In the case of BJT, the battery will drain soon (than CMOS).
 
Thanks for your attention. As you mentioned, CMOS is power efficient for logical operation. That is true. but does reliability here mean power efficiency?
We can drive the CMOS circuit with minimum current.

BJT is a current controlled device.

CMOS is voltage controlled device.

So, to perform simple logical operation with BJT it consumes more current when compared to CMOS.

And we use battery as power source in portable devices.

In the case of BJT, the battery will drain soon (than CMOS).
 

I don't see why CMOS should be considered more reliable than BJT for small signal or digital ICs.

MOSFETS may be considered more rugged than BJT power transistors, if only because they don't suffer from secondary breakdown.
 

"We", Kemo Sabe?

I'd say well more than half of the high reliability ICs I've
designed, have been on bipolar technologies.
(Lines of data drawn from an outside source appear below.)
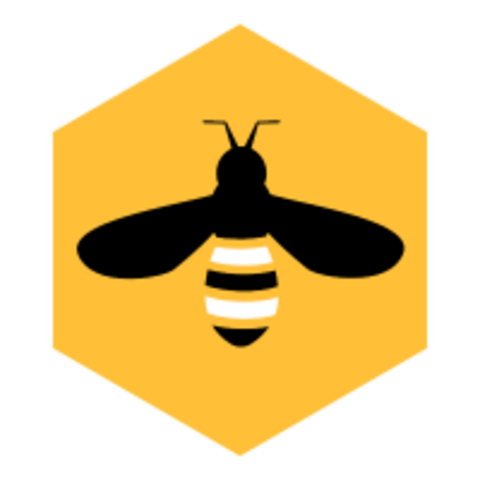 Logo 2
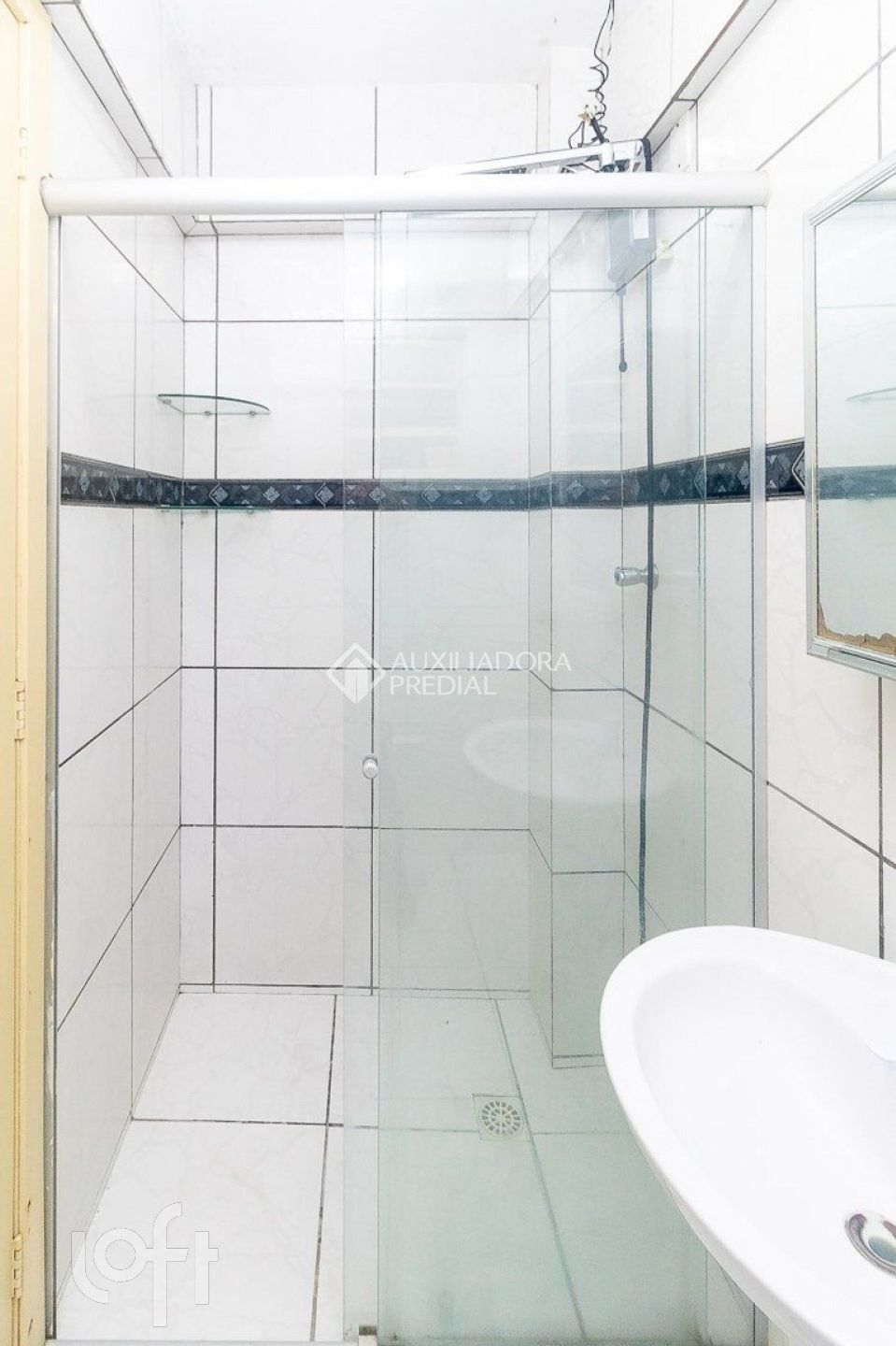 Imagem da propriedade 17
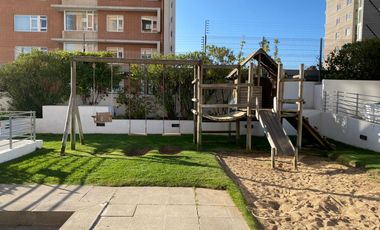 BROKER BOSQUES 3D-3B-2EST-1BOD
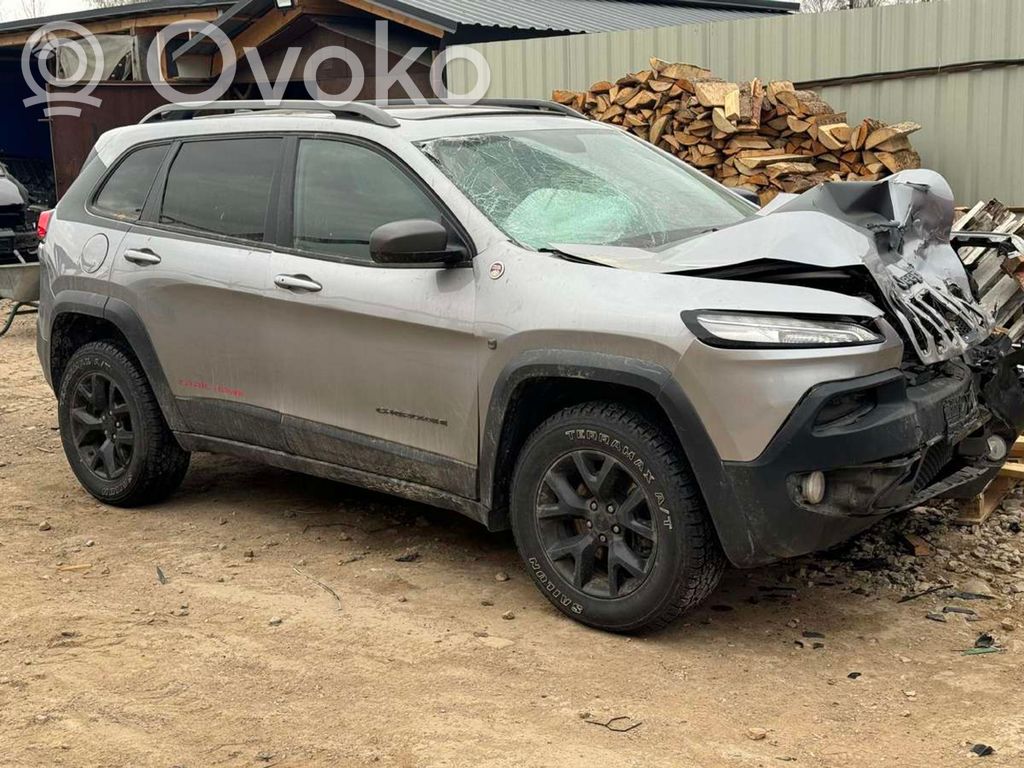 Cherokee KL Cherokee  68228155AA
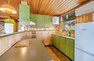 Ferienhaus H5527 in Fladsbjergvej 52, Klegod - Bild #10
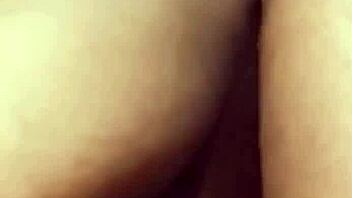 getting fucked by uncut cock called kafir or haram by muslims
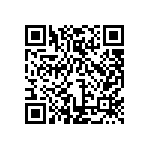 SIT9120AI-2C1-XXS133-333300Y QRCode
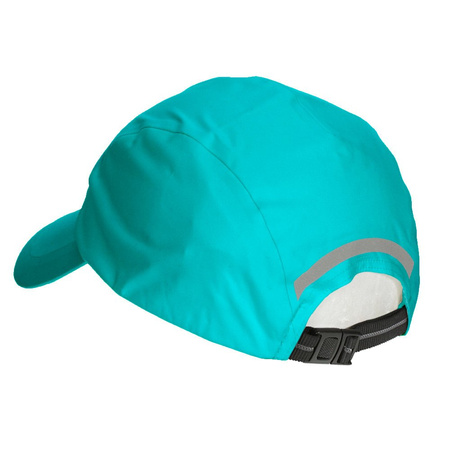 Czapka z daszkiem Reebok Playshield bejsbolówka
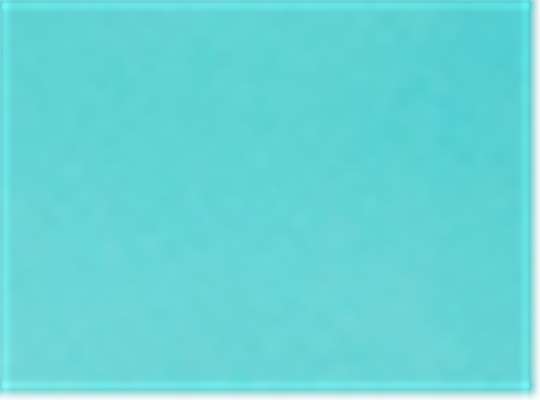 Swatch for Caribbean
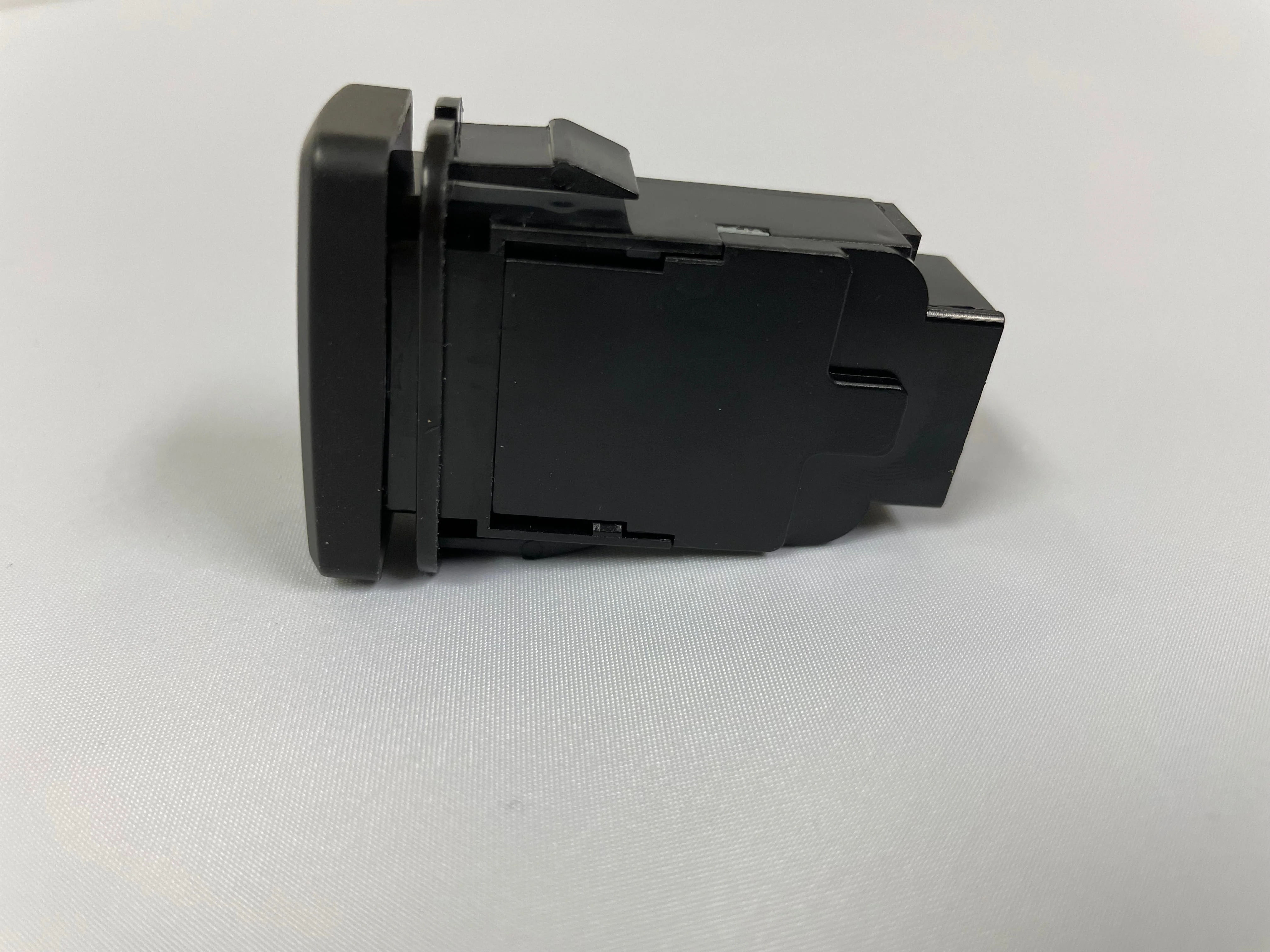 TALL “RECTANGLE” SWITCH - Image 15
You can break either one, but MOSFETs have classes of
reliability problems (oxide wearout, hot carrier, NBTI) in
-normal- operation that BJTs simply don't. Vertical BJTs,
anyway - laterals are exposed to a lot of low quality
oxide over the base. And yet outside of some abnormal
environments, even these seem to do fine on a lot of
parts that have been on the job for many decades.

To paraphrase Bob Marley, "no thin ox, no cry".